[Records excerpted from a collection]
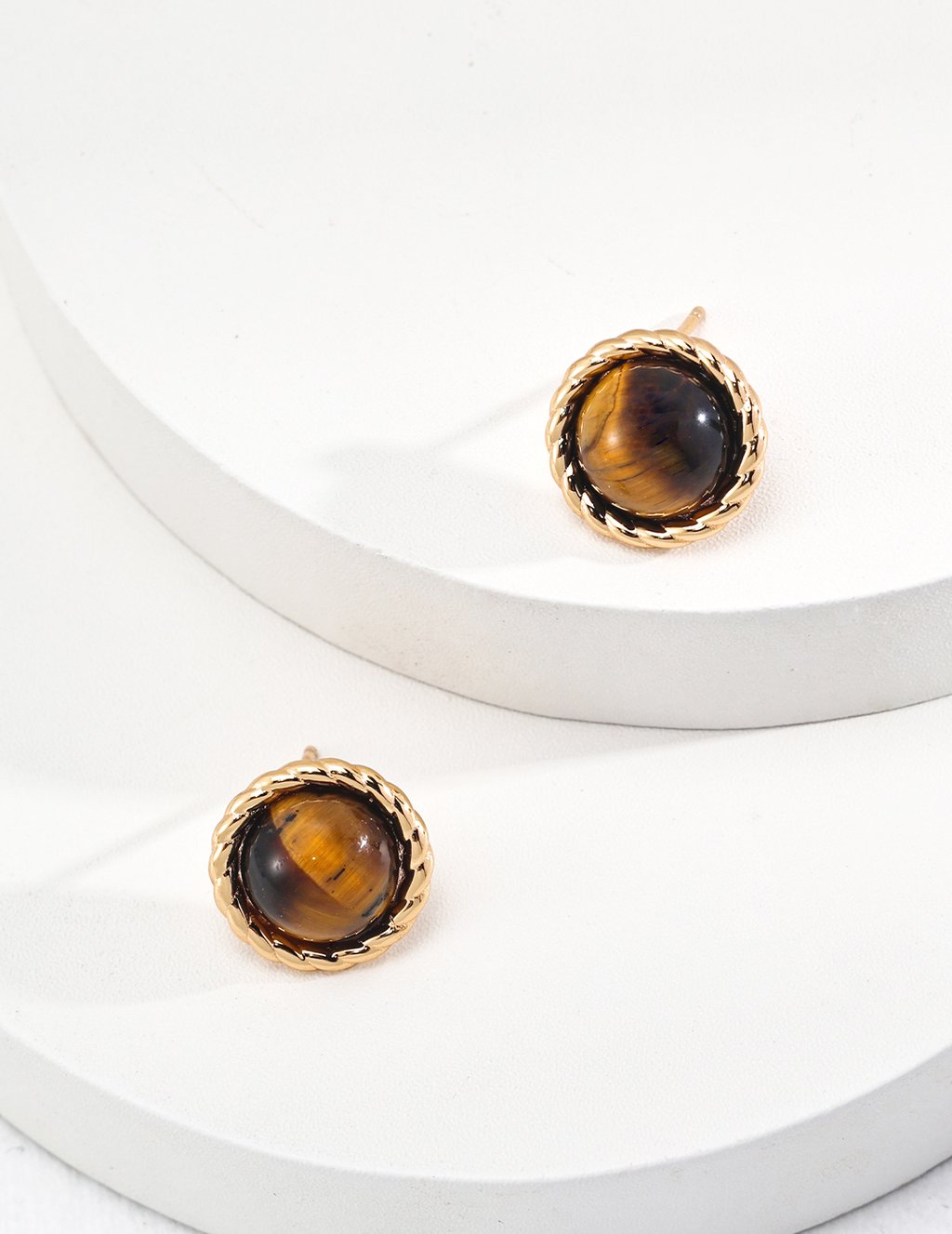 Vintage Gold 925 Silver Tiger'S Eye Stud Earrings - Rope Design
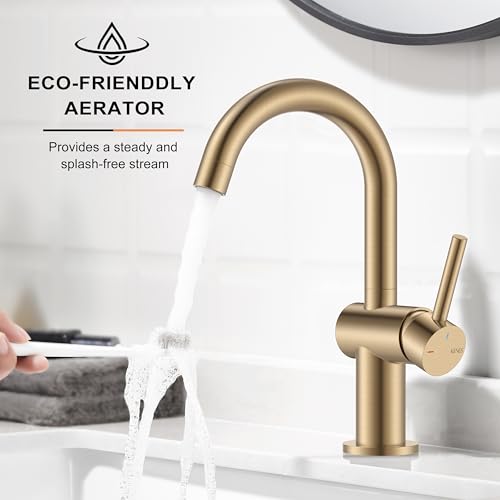 KENES Champagne Bronze Bathroom Faucet 1 Hole, Single Handle Gold Bathroom Sink Faucet for Vanity, Bar Sink Faucet with Drain Assembly & Deck Plate, Farmhouse RV Camper Outdoor Faucet, KE-9005B-CB by KENES - Used condition - Image 5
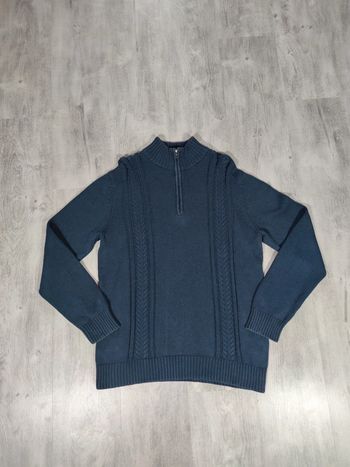 Pull Half Zip Torsadé Calvin Klein Bleu Marine Taille M Homme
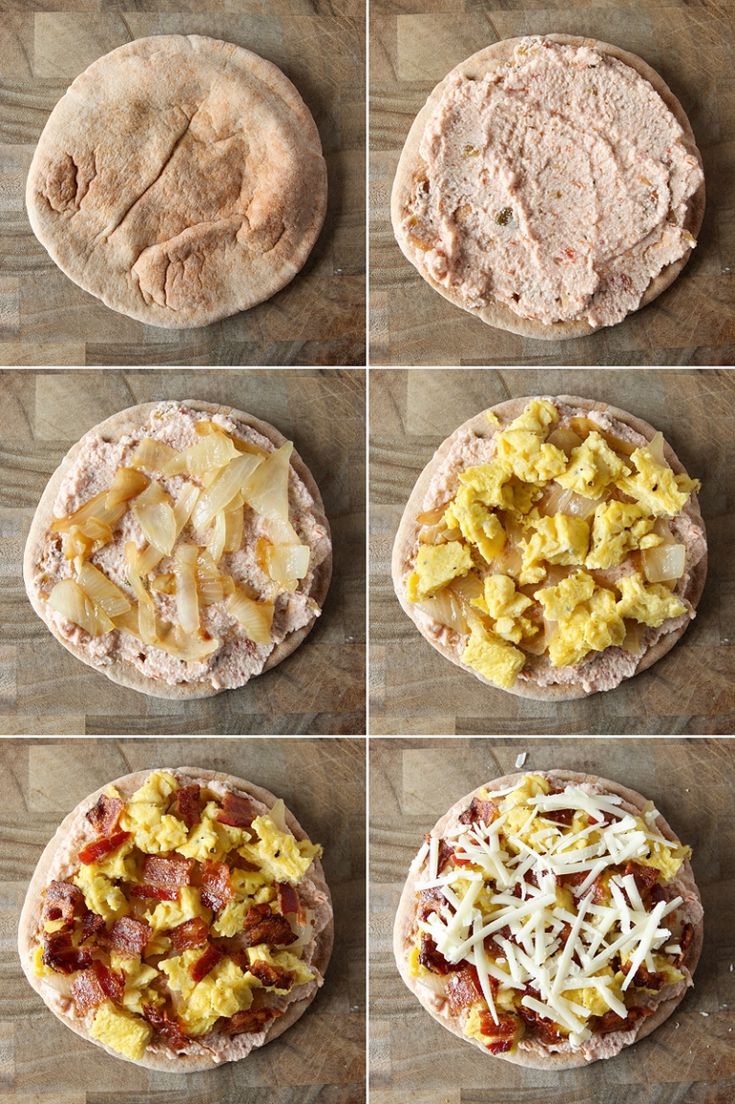 six different types of pizzas with cheese and meat toppings on them, sitting on a wooden surface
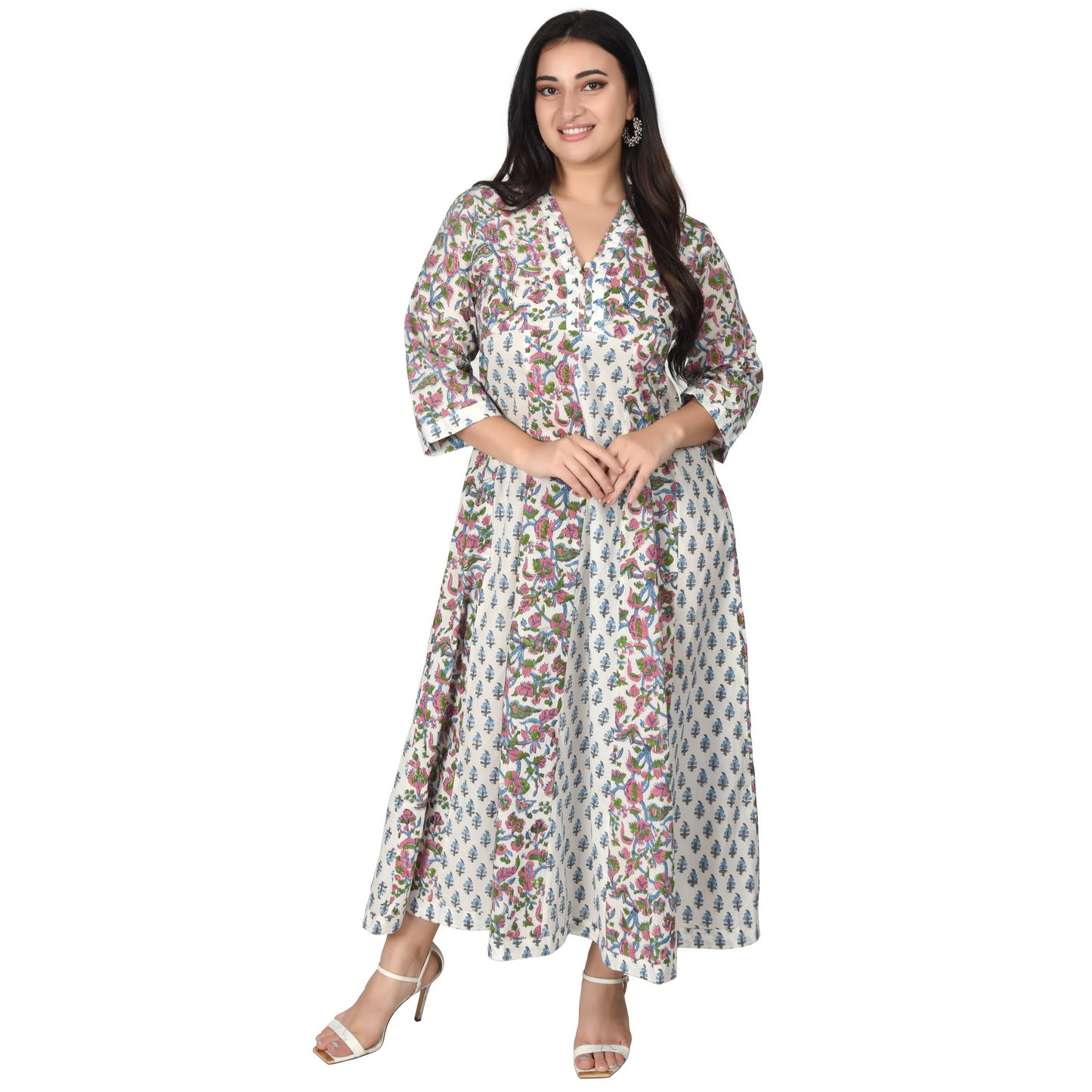 Women & Girls Pannel Dress Traditional Block Printed Cotton Dress Party Wear Long Summer dress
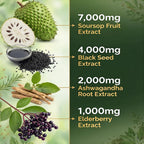 24-in-1 Soursop Capsules with Shilajit, Sea Moss, Lions Mane, Ashwagandha, Elderberry, Vitamin C, D3 & Magnesium | 20:1 Extracts | Daily Wellness Support for Adults | Non-GMO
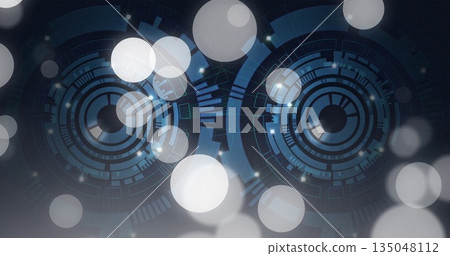 Rotating concentric HUD elements glowing in virtual high-tech space, with grid lines and bokeh orbs 135048112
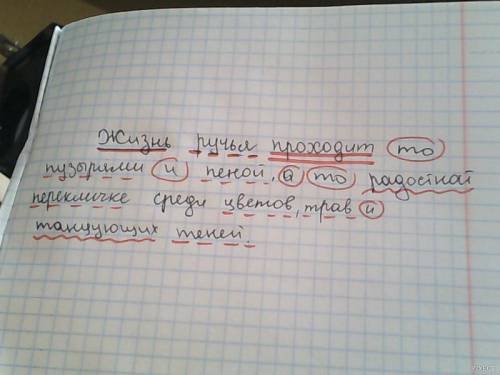 Надо в предложении составить схему и расставить знаки препинания вот - жизнь ручья проходит то пузыр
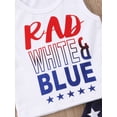thumbnail image 5 of BemeyourBBs Toddler Baby Boys 4th of July Outfits Summer Clothes Patriot Fourth of July Independence Day Clothes Letters Print Sleeveless Shirt Vest Tank Top Star Stripes American Flag Shorts Set, 5 of 8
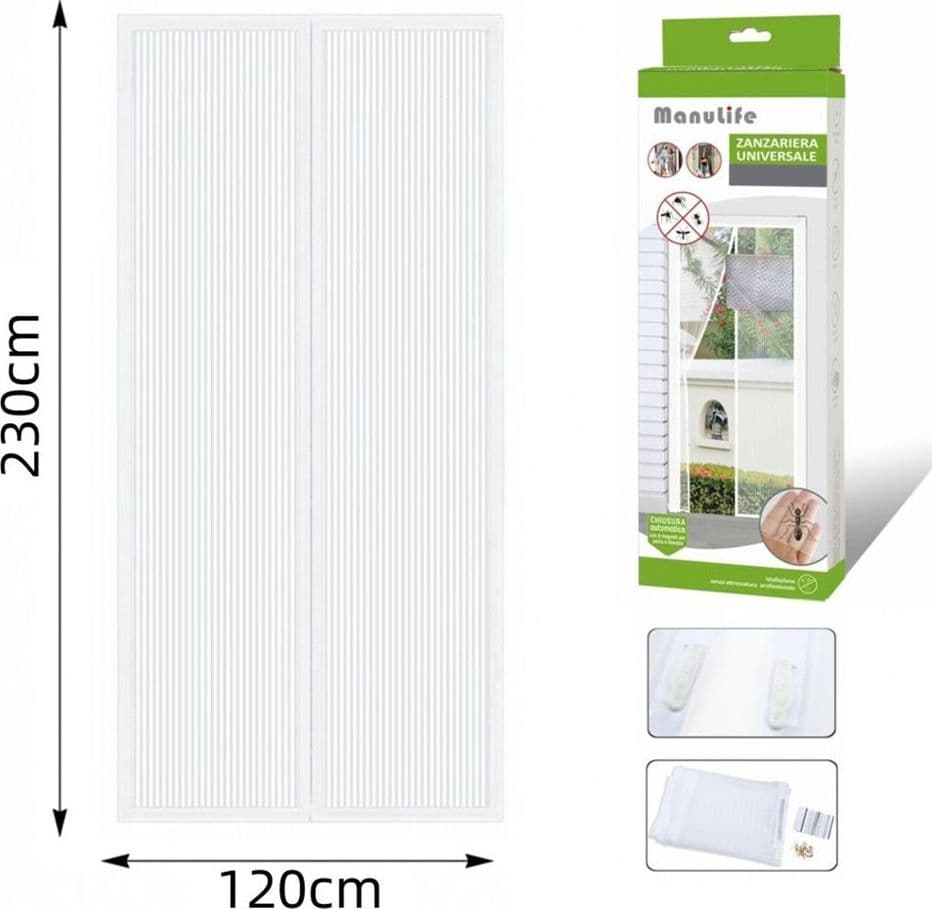 ZANZARIERA UNIVERSALE 120X230CM BIANCA CHIUSURA AUTOMATICA MAGNETICA PORTE FINESTRE 622135 - 2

◆ **EXERCISE**
In your copy, include no pictures, but reproduce all records exactly.

◆ **FINISHED EXERCISE**
 Vintage Gold 925 Silver Tiger'S Eye Stud Earrings - Rope Design
 KENES Champagne Bronze Bathroom Faucet 1 Hole, Single Handle Gold Bathroom Sink Faucet for Vanity, Bar Sink Faucet with Drain Assembly & Deck Plate, Farmhouse RV Camper Outdoor Faucet, KE-9005B-CB by KENES - Used condition - Image 5
 Pull Half Zip Torsadé Calvin Klein Bleu Marine Taille M Homme
 six different types of pizzas with cheese and meat toppings on them, sitting on a wooden surface
 Women & Girls Pannel Dress Traditional Block Printed Cotton Dress Party Wear Long Summer dress
 24-in-1 Soursop Capsules with Shilajit, Sea Moss, Lions Mane, Ashwagandha, Elderberry, Vitamin C, D3 & Magnesium | 20:1 Extracts | Daily Wellness Support for Adults | Non-GMO
 Rotating concentric HUD elements glowing in virtual high-tech space, with grid lines and bokeh orbs 135048112
 Надо в предложении составить схему и расставить знаки препинания вот - жизнь ручья проходит то пузыр
thumbnail image 5 of BemeyourBBs Toddler Baby Boys 4th of July Outfits Summer Clothes Patriot Fourth of July Independence Day Clothes Letters Print Sleeveless Shirt Vest Tank Top Star Stripes American Flag Shorts Set, 5 of 8
 ZANZARIERA UNIVERSALE 120X230CM BIANCA CHIUSURA AUTOMATICA MAGNETICA PORTE FINESTRE 622135 - 2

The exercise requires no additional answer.